Ansible for IoT and Edge Computing: Automate Device Fleets at Scale
By Luca Berton · Published 2024-01-01 · Category: installation
Automate IoT and edge computing infrastructure with Ansible. Manage device fleets, deploy edge applications, configure network gateways, update firmware.
Why Ansible for IoT and Edge?
Edge computing pushes workloads from centralized clouds to thousands of distributed locations — retail stores, factories, cell towers, vehicles, and remote sites.

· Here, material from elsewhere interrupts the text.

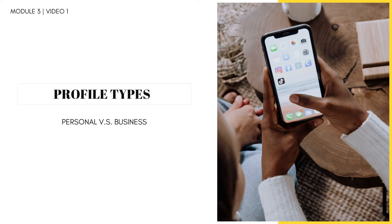In this video, we will be discussing personal versus business accounts. If you already have a business account, feel free to skip over this section and start with the Instagram bios, which starts at 5 minutes and 45 seconds. But if you do not have a business account, then stick around because trust me, you need one.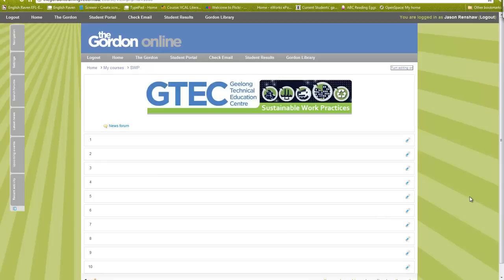Hi there, this is Jason Renshaw and I'm going to show you how to upload a SCORM package into your Moodle course. SCORM is a format and you can use it with various e-learning authoring tools.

Managing these devices manually is impossible at scale.
Ansible is uniquely suited for edge automation:
• Agentless — no client software to install on resource-constrained devices
• SSH-based — works over any network connection, including cellular and satellite
• Idempotent — safe to re-run on unreliable connections (if it fails, just run again)
• Low overhead — managed devices need only Python and SSH
• Offline-capable — ansible-pull lets devices self-configure without inbound connectivity
See also: Ansible for Edge Computing and IoT: Managing Thousands of Distributed Devices
Edge Architecture Patterns
Pattern 1: Centralized Push (AAP + Automation Mesh)
[AAP Controller] → [Hop Nodes] → [Edge Devices]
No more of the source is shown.